Austrian photographer Janick Entremont recently performed an interesting experiment. He took a photo of himself and uploaded it to Instagram. Then he downloaded it, posted it again, and repeated this process 340 times to see what will happen. Thanks to Instagram’s compression, he ended up with a completely unrecognizable final image.
Janick made a separate Instagram account for his project, which he titled @facetinction | A (con)temporary portrait. Here is the original image he took and uploaded:
Here’s what was left after 80 downloads and reuploads:
And here’s the final image he got after repeating the process for 340 times:
The loss of quality and detail in the images is the result of generation loss. Basically, it’s like making a copy of a copy of a copy… over 300 times, in this case. Artist Pete Ashton did a similar project back in 2015, but with a significantly smaller number of images. For his project I Am Sitting In Stagram, he uploaded the same image 90 times, but still ended up with a quite significant quality loss.

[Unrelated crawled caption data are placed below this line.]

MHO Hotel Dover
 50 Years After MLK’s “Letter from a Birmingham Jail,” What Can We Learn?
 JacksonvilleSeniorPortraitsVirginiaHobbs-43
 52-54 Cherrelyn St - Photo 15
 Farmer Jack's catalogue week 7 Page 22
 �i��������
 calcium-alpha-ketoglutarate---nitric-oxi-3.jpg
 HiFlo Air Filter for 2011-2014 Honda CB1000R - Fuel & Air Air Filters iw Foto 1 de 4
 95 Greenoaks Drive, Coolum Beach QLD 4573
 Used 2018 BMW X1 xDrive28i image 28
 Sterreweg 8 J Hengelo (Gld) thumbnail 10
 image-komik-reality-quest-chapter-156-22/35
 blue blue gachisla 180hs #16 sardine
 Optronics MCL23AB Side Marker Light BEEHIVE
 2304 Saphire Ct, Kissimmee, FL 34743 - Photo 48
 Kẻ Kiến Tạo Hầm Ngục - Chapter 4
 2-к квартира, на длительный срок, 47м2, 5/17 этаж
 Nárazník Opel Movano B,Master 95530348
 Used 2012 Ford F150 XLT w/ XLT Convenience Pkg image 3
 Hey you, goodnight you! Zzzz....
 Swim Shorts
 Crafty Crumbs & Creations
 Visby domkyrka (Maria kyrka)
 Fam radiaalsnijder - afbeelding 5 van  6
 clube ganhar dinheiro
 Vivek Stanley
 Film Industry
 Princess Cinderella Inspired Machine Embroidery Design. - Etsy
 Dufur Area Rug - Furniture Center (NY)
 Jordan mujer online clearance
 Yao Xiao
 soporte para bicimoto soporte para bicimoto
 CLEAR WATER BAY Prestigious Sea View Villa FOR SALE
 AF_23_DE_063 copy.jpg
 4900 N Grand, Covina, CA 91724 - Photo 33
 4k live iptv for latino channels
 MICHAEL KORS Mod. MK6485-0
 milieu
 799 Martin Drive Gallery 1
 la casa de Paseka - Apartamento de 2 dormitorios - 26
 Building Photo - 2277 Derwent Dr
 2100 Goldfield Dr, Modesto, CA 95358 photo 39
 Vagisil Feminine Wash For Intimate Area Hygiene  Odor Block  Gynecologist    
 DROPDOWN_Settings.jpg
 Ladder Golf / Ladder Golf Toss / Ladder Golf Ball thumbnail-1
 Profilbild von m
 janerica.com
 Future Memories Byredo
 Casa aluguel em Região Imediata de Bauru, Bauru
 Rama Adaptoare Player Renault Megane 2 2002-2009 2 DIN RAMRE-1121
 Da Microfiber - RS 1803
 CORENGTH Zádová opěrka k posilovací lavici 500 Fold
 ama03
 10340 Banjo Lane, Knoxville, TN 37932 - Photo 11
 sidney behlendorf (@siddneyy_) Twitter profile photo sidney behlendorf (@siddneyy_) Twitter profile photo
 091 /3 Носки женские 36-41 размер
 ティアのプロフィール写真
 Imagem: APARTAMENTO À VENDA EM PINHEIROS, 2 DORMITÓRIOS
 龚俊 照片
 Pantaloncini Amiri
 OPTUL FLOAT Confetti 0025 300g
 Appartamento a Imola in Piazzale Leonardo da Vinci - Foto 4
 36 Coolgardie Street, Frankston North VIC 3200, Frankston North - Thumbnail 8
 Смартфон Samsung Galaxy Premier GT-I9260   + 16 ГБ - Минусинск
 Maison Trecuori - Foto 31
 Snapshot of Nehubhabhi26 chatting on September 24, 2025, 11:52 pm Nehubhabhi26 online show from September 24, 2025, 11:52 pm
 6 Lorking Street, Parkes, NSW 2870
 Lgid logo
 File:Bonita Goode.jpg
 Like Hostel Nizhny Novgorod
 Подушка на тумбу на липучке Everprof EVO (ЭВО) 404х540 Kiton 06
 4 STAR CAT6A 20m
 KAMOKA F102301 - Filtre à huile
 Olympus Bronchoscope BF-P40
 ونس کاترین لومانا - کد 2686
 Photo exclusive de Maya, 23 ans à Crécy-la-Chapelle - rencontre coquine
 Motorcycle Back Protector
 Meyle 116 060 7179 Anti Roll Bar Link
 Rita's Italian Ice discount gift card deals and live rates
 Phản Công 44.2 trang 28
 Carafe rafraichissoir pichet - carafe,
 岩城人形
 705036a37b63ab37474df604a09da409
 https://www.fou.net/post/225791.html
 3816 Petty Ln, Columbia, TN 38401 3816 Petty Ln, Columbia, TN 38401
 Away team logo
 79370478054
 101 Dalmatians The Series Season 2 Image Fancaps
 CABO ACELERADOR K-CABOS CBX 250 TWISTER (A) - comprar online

“Quality loss and alienation of the picture are consequences of an algorithmic compression,” Janick explains. “What will last from your digital data? Not existing faces are created – instead, some that already exist are arranged to fit. Being altered and changing becomes one. Until nothing is the same anymore.”
Even if it had been done just for fun, I’d still find “Facetinction” amusing. It’s also pretty admirable when you think of the time and patience invested in downloading and uploading the same photo over and over again.
But, there’s more to this project than doing it just for fun. As Janick tells PetaPixel, this project is relevant for him on many levels: “the handling of our digital data, online or offline, and the flood of images. How improper use of social media changes our well-being and our appearance (regarding trends). Up to the constant surveillance and face recognition as it is common in China.”